++++ Available data
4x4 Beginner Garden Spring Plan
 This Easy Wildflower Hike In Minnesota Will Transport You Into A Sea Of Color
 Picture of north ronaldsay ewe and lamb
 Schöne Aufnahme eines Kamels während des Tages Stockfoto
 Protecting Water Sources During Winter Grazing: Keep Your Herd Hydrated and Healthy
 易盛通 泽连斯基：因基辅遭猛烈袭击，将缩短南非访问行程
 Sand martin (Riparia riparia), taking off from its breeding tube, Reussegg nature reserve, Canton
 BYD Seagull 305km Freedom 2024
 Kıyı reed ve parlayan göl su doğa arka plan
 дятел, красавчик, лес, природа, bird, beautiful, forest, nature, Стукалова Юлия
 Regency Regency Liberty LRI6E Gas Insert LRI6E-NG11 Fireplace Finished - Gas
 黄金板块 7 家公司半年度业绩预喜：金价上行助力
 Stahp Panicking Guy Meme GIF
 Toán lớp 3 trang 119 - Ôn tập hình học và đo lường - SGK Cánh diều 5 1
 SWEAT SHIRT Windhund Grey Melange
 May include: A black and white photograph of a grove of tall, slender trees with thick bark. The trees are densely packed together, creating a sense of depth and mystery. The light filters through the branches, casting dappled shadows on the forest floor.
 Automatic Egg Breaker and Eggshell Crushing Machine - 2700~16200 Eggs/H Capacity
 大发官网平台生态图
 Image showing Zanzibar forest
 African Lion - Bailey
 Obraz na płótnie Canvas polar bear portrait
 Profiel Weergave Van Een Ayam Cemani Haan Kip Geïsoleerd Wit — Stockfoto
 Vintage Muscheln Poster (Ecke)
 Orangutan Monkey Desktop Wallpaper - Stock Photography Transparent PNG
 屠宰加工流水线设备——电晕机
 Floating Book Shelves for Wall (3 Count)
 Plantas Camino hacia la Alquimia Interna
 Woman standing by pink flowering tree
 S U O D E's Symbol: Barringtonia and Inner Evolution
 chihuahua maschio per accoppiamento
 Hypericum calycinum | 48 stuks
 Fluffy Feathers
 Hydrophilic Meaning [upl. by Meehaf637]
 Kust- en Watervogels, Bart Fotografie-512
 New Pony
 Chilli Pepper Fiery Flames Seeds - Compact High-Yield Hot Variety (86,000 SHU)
++++++++
Exercise:
Beginning with the first line of the listing above, please write out every line exactly until you reach the line that contains "nature, Стукалова Юлия", and include that one too.

Solution to this exercise:
4x4 Beginner Garden Spring Plan
 This Easy Wildflower Hike In Minnesota Will Transport You Into A Sea Of Color
 Picture of north ronaldsay ewe and lamb
 Schöne Aufnahme eines Kamels während des Tages Stockfoto
 Protecting Water Sources During Winter Grazing: Keep Your Herd Hydrated and Healthy
 易盛通 泽连斯基：因基辅遭猛烈袭击，将缩短南非访问行程
 Sand martin (Riparia riparia), taking off from its breeding tube, Reussegg nature reserve, Canton
 BYD Seagull 305km Freedom 2024
 Kıyı reed ve parlayan göl su doğa arka plan
 дятел, красавчик, лес, природа, bird, beautiful, forest, nature, Стукалова Юлия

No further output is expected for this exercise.